Work instruction = Give every entry below again, exactly as written, and skip the images.

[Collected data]
————————

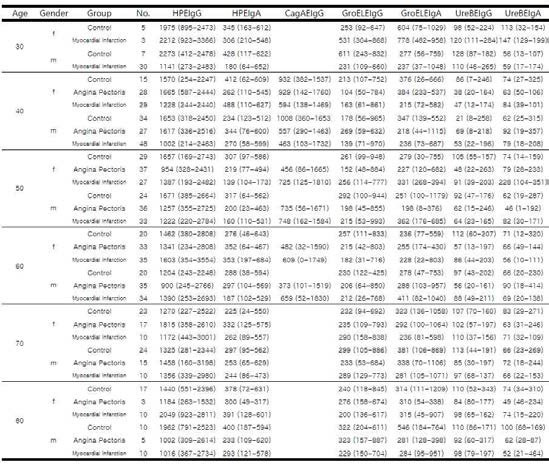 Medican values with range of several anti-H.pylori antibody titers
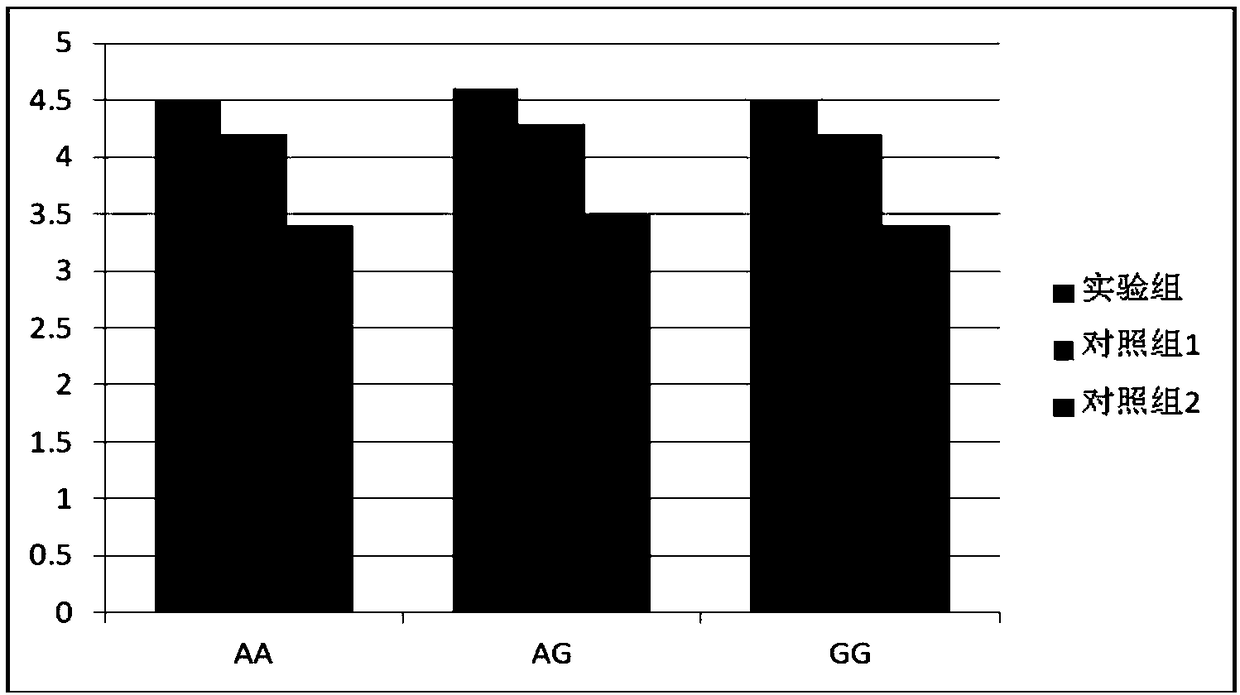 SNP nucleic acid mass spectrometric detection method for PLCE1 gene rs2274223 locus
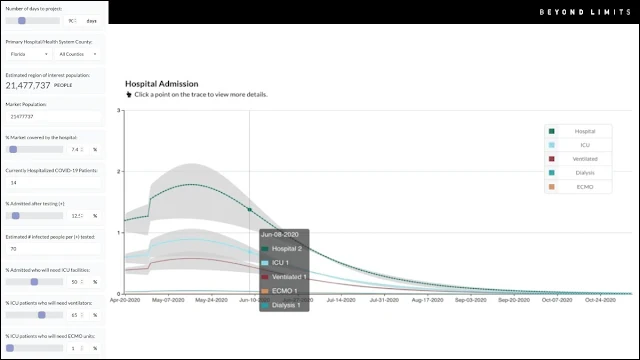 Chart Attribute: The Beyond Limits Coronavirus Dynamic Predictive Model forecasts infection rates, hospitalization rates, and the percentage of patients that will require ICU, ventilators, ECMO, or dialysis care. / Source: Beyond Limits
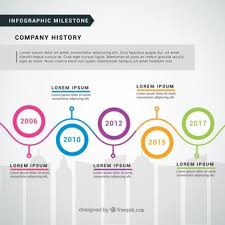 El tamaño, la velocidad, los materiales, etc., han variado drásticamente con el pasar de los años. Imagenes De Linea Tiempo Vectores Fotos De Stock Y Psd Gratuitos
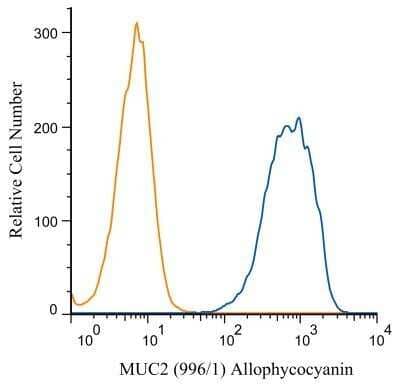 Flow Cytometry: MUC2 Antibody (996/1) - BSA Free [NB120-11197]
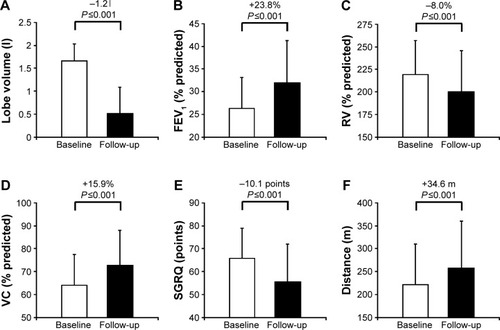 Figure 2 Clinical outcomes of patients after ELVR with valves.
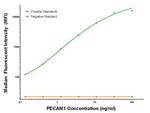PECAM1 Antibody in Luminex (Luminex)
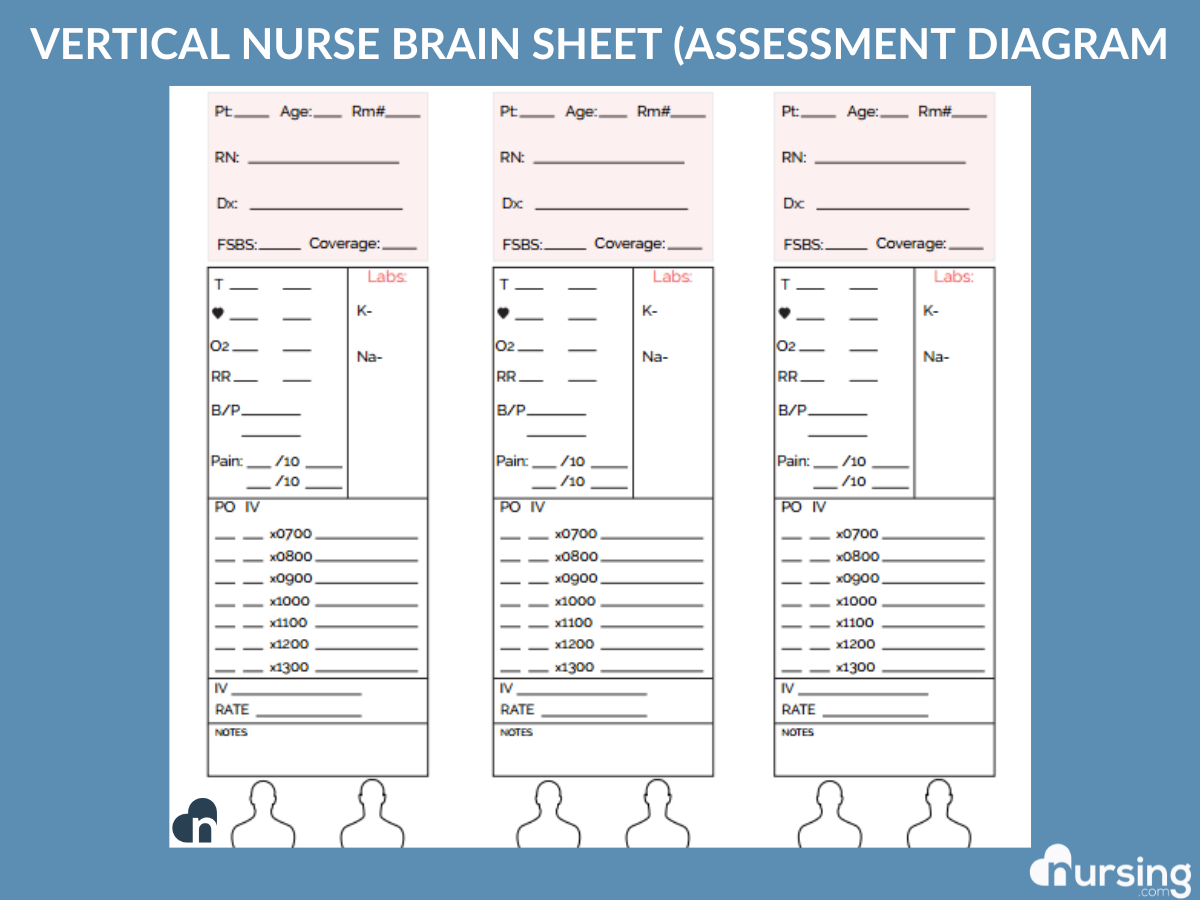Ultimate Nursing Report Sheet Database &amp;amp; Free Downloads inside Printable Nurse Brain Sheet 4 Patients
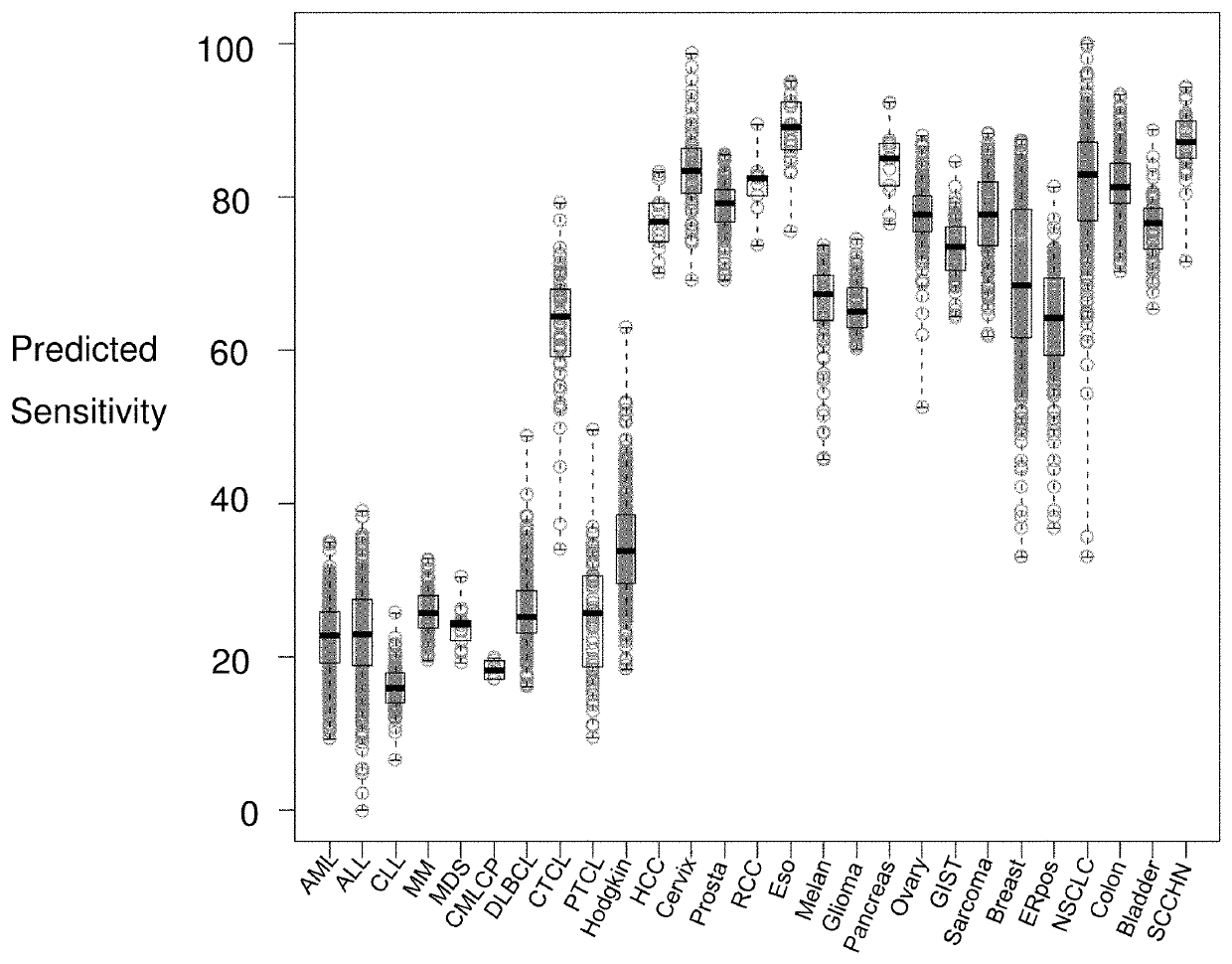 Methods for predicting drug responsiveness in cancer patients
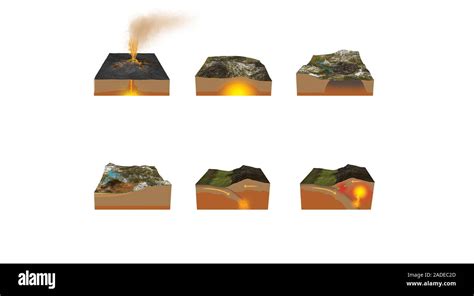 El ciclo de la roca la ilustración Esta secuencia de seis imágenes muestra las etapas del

————————

Response to this exercise =
 Medican values with range of several anti-H.pylori antibody titers
 SNP nucleic acid mass spectrometric detection method for PLCE1 gene rs2274223 locus
 Chart Attribute: The Beyond Limits Coronavirus Dynamic Predictive Model forecasts infection rates, hospitalization rates, and the percentage of patients that will require ICU, ventilators, ECMO, or dialysis care. / Source: Beyond Limits
 El tamaño, la velocidad, los materiales, etc., han variado drásticamente con el pasar de los años. Imagenes De Linea Tiempo Vectores Fotos De Stock Y Psd Gratuitos
 Flow Cytometry: MUC2 Antibody (996/1) - BSA Free [NB120-11197]
 Figure 2 Clinical outcomes of patients after ELVR with valves.
PECAM1 Antibody in Luminex (Luminex)
Ultimate Nursing Report Sheet Database &amp;amp; Free Downloads inside Printable Nurse Brain Sheet 4 Patients
 Methods for predicting drug responsiveness in cancer patients
 El ciclo de la roca la ilustración Esta secuencia de seis imágenes muestra las etapas del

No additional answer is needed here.